The cards will be sent when any emeritus member of the Faculty, research professor or current tenure-track professors dies. This was a University tradition until the central administration delegated the duty to individual faculties three years ago. The Faculty of Arts and Sciences (FAS) let this custom slide away, as did all the other schools.
Plummer Professor of Christian Morals and Pusey Minister in Memorial Church Peter J. Gomes first brought up the issue at the April 11 Faculty meeting.
"There are few symbols and ties of the communal life of this Faculty. There are very few things that tie together the special and unique community which we serve with pleasure and delight--the memorial minute is one and this is another," Gomes said.
Then Diana L. Eck, professor of Comparative Religion and Sanskrit and Indian Studies, proposed the motion yesterday, lauding its importance for the community.
"It's appropriate in a community where we spend a long time searching for each other, serve on committees together and toil hard together," Eck said. "I think that we should observe these rites together as community more formally than in the Gazette."
Currently, the Gazette publishes notices when anyone affiliated with the University dies.
Professor of Psychology Stephen M. Kosslyn, who was against the motion, said the issue is divisive because it is difficult to decide when the Faculty would send out cards.
The Faculty Council, an elected subset of the Faculty, was sharply divided over the issue when members voted this month.
Members have said the issue of "black bordered cards" took more time and energy to discuss than any issue this year.
"We thought it would be a no-brainer when we began discussing it. But the more we talked the more it became clear that it was a difficult issue," said Zemurray Stone Professor of History of Science Katharine Park '72, who voted against the motion in the Faculty Council and at the Faculty meeting.
Park said that there are many people vital to the University who would not be commemorated by the cards under the current proposal, ranging from administrators to non-tenure track professors that include senior tutors and heads of various centers within the Faculty.
Mallinckrodt Professor of Applied Physics William Paul proposed an amendment to extend the privilege of the cards to all voting members of the Faculty, but Park said that would not solve the problem.

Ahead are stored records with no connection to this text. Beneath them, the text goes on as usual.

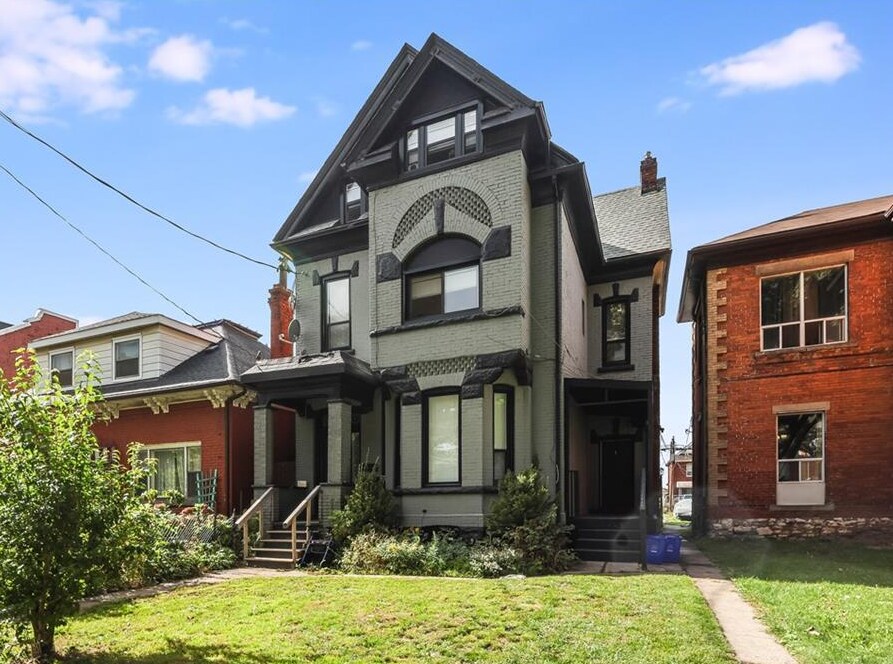 233 Victoria Av N, Hamilton, ON à vendre Photo principale- Image 1 de 1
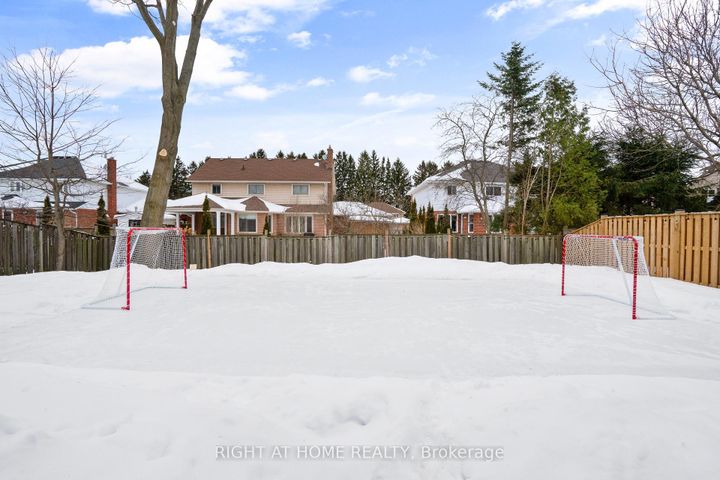 Photo 44 at 41 Amberly Boulevard, Ancaster, Hamilton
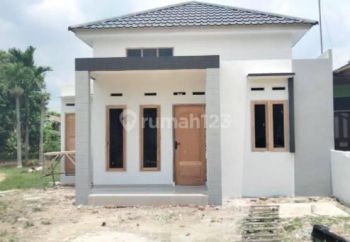 Rumah Baru dijual Jl Rawabening, arengka 1. Cukup Dp10jt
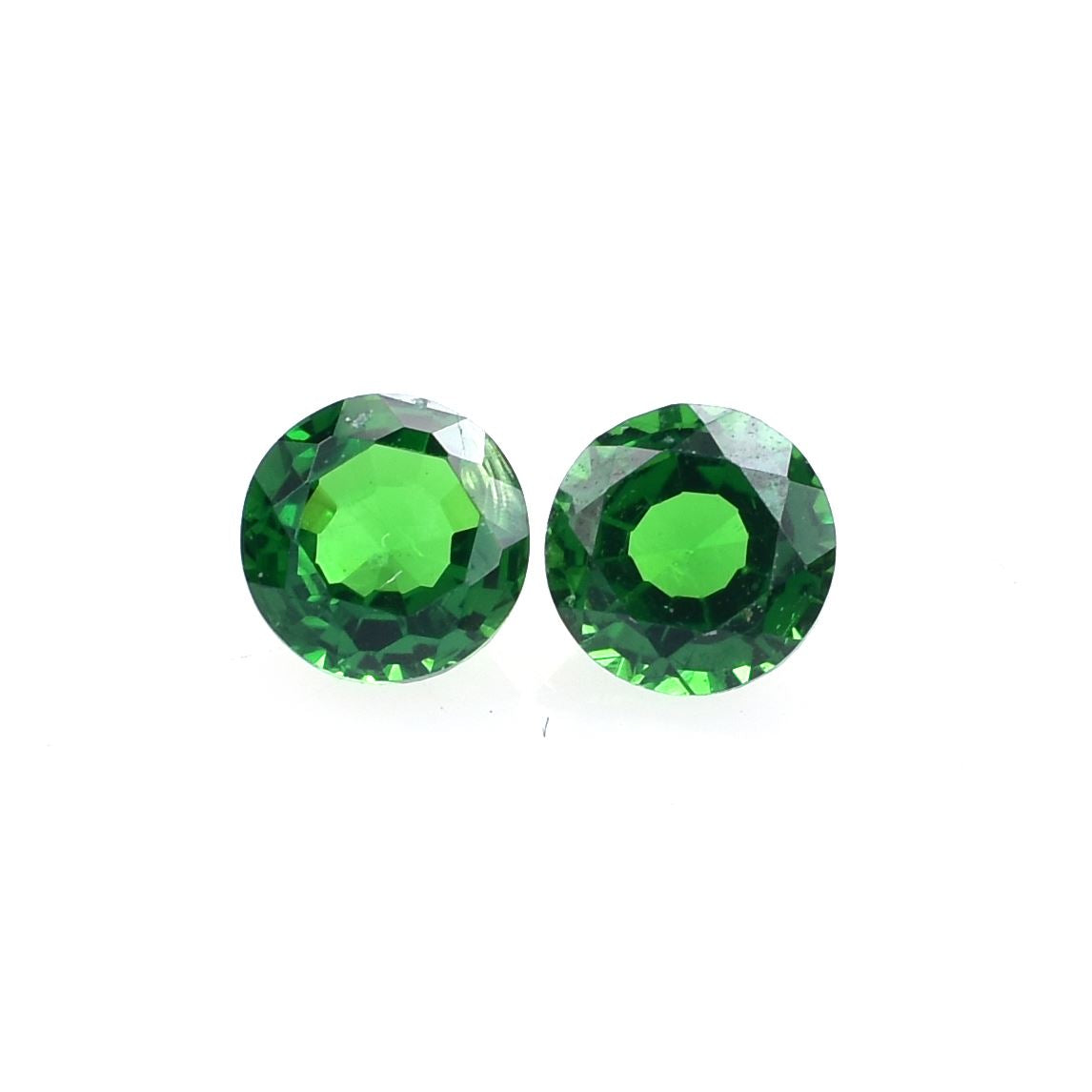 TSAVORITE STEP CUT ROUND (AAA)(CLEAN) 4.00X4.00 MM 0.18 CTS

"Until we can find a way to define a group of people [to receive the card] that is co-extensive with the way we think of the University, we should not send the card," she said.
Other Faculty members said this provides the opportunity to take a moment and think about the deceased colleague. Eck said because the Faculty was making this decision it was appropriate for the Faculty to commemorate its own members.
Despite the affirmative vote, many members of the Faculty, including Gomes and Park, emphasized that the issue of who is part of the community of Faculty members is one that continues to demand much thought.
"It stands for a question that we need to think a lot about. I hope that [this discussion] will spark further thought," Park said.
Studying Somewhat Abroad
"We feel this fulfills a specific curricular need for those courses not taught at Harvard," said Dean of Undergraduate Education William M. Todd III.
It is especially directed at students wishing to take rare language courses not available at Harvard, he said.
The details of the plan are based on the current study abroad program.
"If the Sorbonne, Cambridge and the University of Heidleberg could only take 96 students from us last year [for study abroad], I don't think this will lead to the Dickensian spectacle of dragging the Dean [of the Faculty Jeremy R. Knowles] to debtor's prison," Todd said.